## PROBLEM STATEMENT
Below, some lines carry pictures; leave those pictures out and retype exactly the lines from the one with "Women's Fall Halloween" through the one with "Yellow Patterned Long".

## INPUT MATERIAL
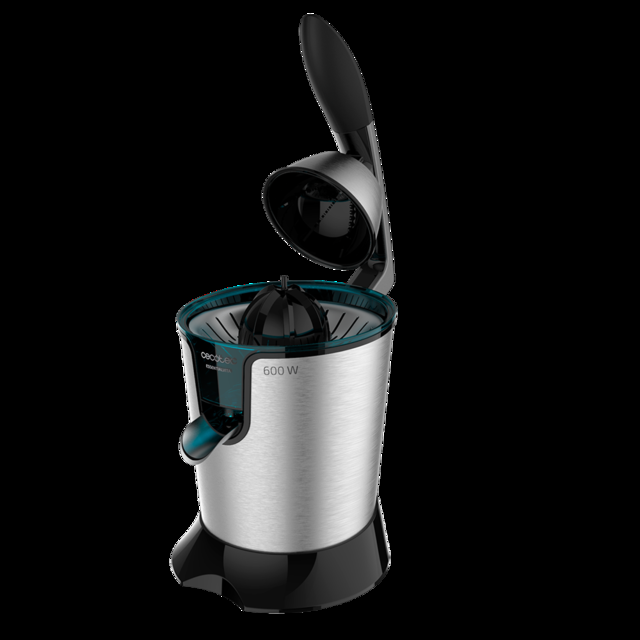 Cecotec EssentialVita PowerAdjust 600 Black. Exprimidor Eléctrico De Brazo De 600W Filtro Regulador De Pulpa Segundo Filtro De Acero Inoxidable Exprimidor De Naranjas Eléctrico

---

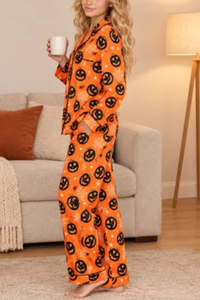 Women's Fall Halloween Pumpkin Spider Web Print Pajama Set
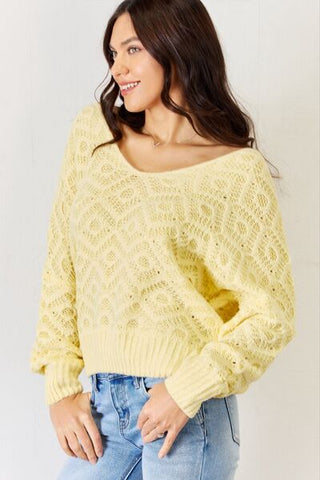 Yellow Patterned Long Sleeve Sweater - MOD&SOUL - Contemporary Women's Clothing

## WRITTEN RESPONSE
 Women's Fall Halloween Pumpkin Spider Web Print Pajama Set
 Yellow Patterned Long Sleeve Sweater - MOD&SOUL - Contemporary Women's Clothing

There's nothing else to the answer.